Key words: Translation, the Internet, Electronic Tools, Internet-based Tools, EFL students

1. Introduction

The relationship between translation and technology is not a birth of today but a couple of centuries ago. In fact, the first spark resulted in the integration of technology in the translation field was in 15th century when Gutenberg invented the first portable type printing. Byrne (2007) states "In the 15th century when Gutenberg developed moveable type printing, few could have predicted the explosion in translation activity that would ensue" (p. 63). Gutenberg, since then, had paved the way for a new concept of translation, and the relationship between translation and technology is getting more interactively linked and indispensable. In other words, starting from 15th century until our present time, the age of information and technology, translation and technology have always been associated with one another. This association can be seen from the point of view that translation has made a strong contribution to the promotion of science.

No one can deny the role translation played in the wide spread of the different sciences throughout the world by helping the nations to overcome language and culture boundaries. On the other hand, the coming of technology has altered the way we look at translation as a profession. In today’s professional world, technology is not an option; it is a necessity (Biau Gil and Pym, 2006). The integration of technology in the translation practice has facilitated the process of translation and effectively improved the production of translators. Technology plays an important role for translators in the present time and makes their work easier and faster. They “are feeling the long-term changes brought about by the information age” (Austermühl, 2001, p.1). Translation is currently being carried out in “a context characterized by globalization, specialization and digitization” and it “has become a computer-based activity” (Austermühl, 2001, p.2). It becomes a highly technologized profession which includes some electronic tools and resources linked with the work of translators (Kenny, 2012). Biau Gil and Pym’s (2006) work refers to the vital role that technology plays for translators in the present era.

The most established and effective face of technology is the Internet. Generally, one can argue that the Internet is the backbone of technology, and nowadays most of the technological means are associated with it in a way or another. As a matter of fact, the Internet was the most appreciated breakthrough which has entirely changed the way people look at technology. With the coming of the Internet, it has gradually been more integrated in the different fields of knowledge and practices, and in one level, it could occupy the position of translator assistant.
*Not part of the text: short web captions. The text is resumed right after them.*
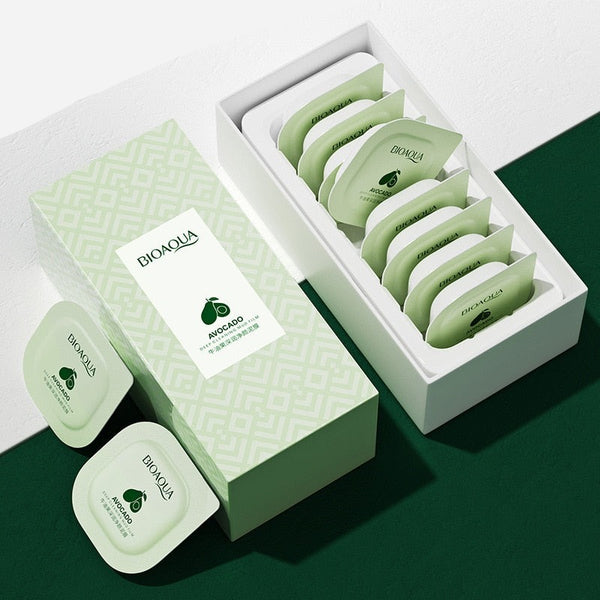 Bioaqua 8Pcs/Set Pudding Face Mask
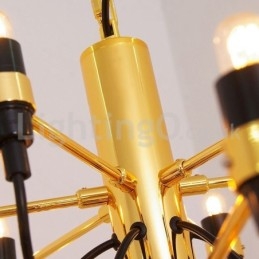 Nordischer kreativer Kronleuchter mit Sommerfrüchten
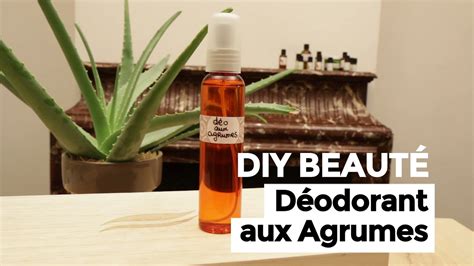 DIY beauté faire un déodorant naturel aux agrumes Vidéo Dailymotion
Nowadays, it is actually taken for granted that the Internet is the first option to consider when conducting translation.

Castro Roig (cited in Sánchez, 2006) states “a translator without a computer is like a taxi driver without a taxi.” Roig statement reflects the indispensability of technology in the field of translation and how deeply it dived into this practice to be almost difficult to carry out translation without. “The antiquated image of a lone translator, armed only with a pencil or a typewriter and surrounded by dusty books, is no longer realistic” (Austermühl, 2001, p11). The Internet as an essential part of technology offers nowadays a respectful number of assisting means and tools for translators to help them produce translations of high quality. All those tools merely need an Internet connection to be accessed by translators and most of which can be used with no cost. However, some people all over the world still suffer in using the Internet, get access to it and face many difficulties and problems. Yemeni students are not exception in this regard.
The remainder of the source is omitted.